That shouldn't come as much of a surprise - two of his children both dressed as Star Wars characters for Halloween this year. His daughter dressed as a First Order stormtrooper, and his young son, a self-professed Star Wars fanatic, dressed as dad's character in a custom Chirrut Îmwe costume.

When he's hired for a film, Yen says, "you're not just getting an actor; you are getting a choreographer, a director." He likens his input to his characters to that of Michael Jackson performing, singing, dancing, choreographing, and directing a film or video of his own work. Luckily, Rogue One director Gareth Edwards agreed with all that, and gave Yen the freedom to help create Chirrut Îmwe. It's a common narrative with Edwards, praised by those he works with as a "story first" and "character first" director, more concerned about actors finding their own truth than picking every moment for them.
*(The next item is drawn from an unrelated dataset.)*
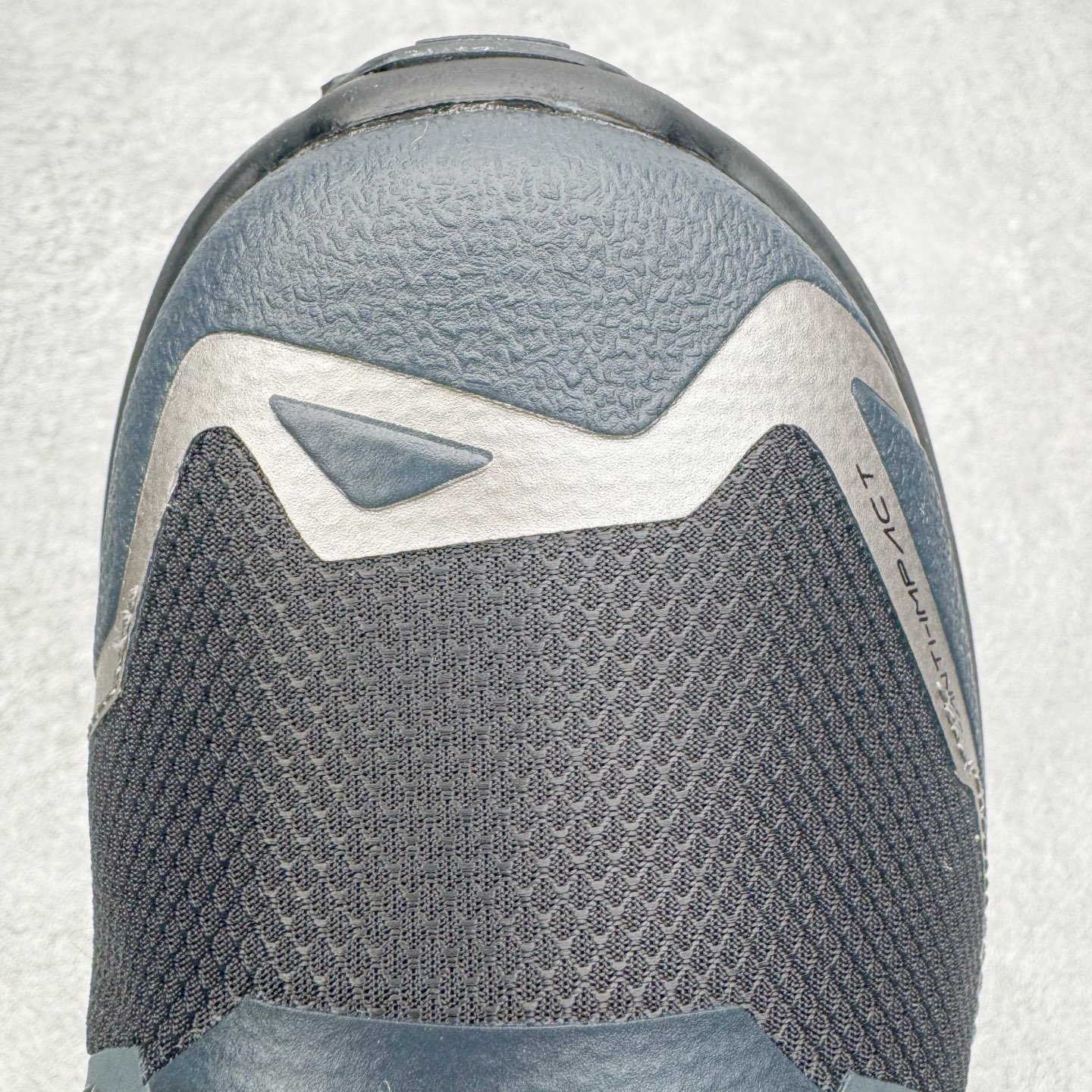 图片[12]-＃K版 凯乐石KAILAS 远征 MAX FLT 运动户外 防滑防水透气 低帮 登山徒步鞋 KAILAS凯乐石品牌是全球三大全系攀登品牌之一，于2003年创立于中国广州，致力于为有攀登梦想的户外运动员及爱好者，研发制造功能性专业装备，满足他们在极限环境下安全舒适的需求，凯乐石专注于科技面料的开发及专业功能设计，产品线覆盖登山、攀岩、徒步、越野跑山、露营、旅行等多项户外运动，通过运动员的测试反馈，不断进化迭代，产品荣获国内外大奖71座，发明专利21个，更突破性的自主研发攀登器械，打造出中国的攀登硬实力。实拍调校N版已经零色差零失真 百分百还原实物色彩所见即所得 不存在货不对板色差等低级问题 选购参考实物拍摄 不混卖不参货 只用心做好货严格选品 承诺混一赔十 尺码：36 36.5 37.5 38 38.5 39 39.5 40 40.5 41 41.5 42 42.5 43 44 44.5 45-选品中心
"It was my idea to make him blind!" Yen revealed of Îmwe. He also said he's excited to have LEGO and other toy versions of himself, saying, "I think I might give them out as gifts."

Yen, like the others in the film, will keep his character's fate and details shrouded in mystery until the movie hits theaters, but did say he picks movies that he's "passionate about and challenge" him, and he thinks "mainly about the character."

Rogue One: A Star Wars Story hits US theaters December 16, 2016. Directed by Gareth Edwards, it's the first of the new standalone features from Lucasfilm and Disney, which take place outside the core "Skywalker Saga" of films noted by an Episode number. Rogue One tells the story of the small band of rebels, led by Jyn Erso (Felicity Jones) that were tasked with stealing the plans to the first Death Star. The story spins directly off the opening crawl from the original Star Wars: Episode IV - A New Hope. In that crawl, it read: "Rebel spaceships, striking from a hidden base, have won their first victory against the evil Galactic Empire. During the battle, Rebel spies managed to steal secret plans to the Empire's ultimate weapon, the DEATH STAR, an armored space station with enough power to destroy an entire planet."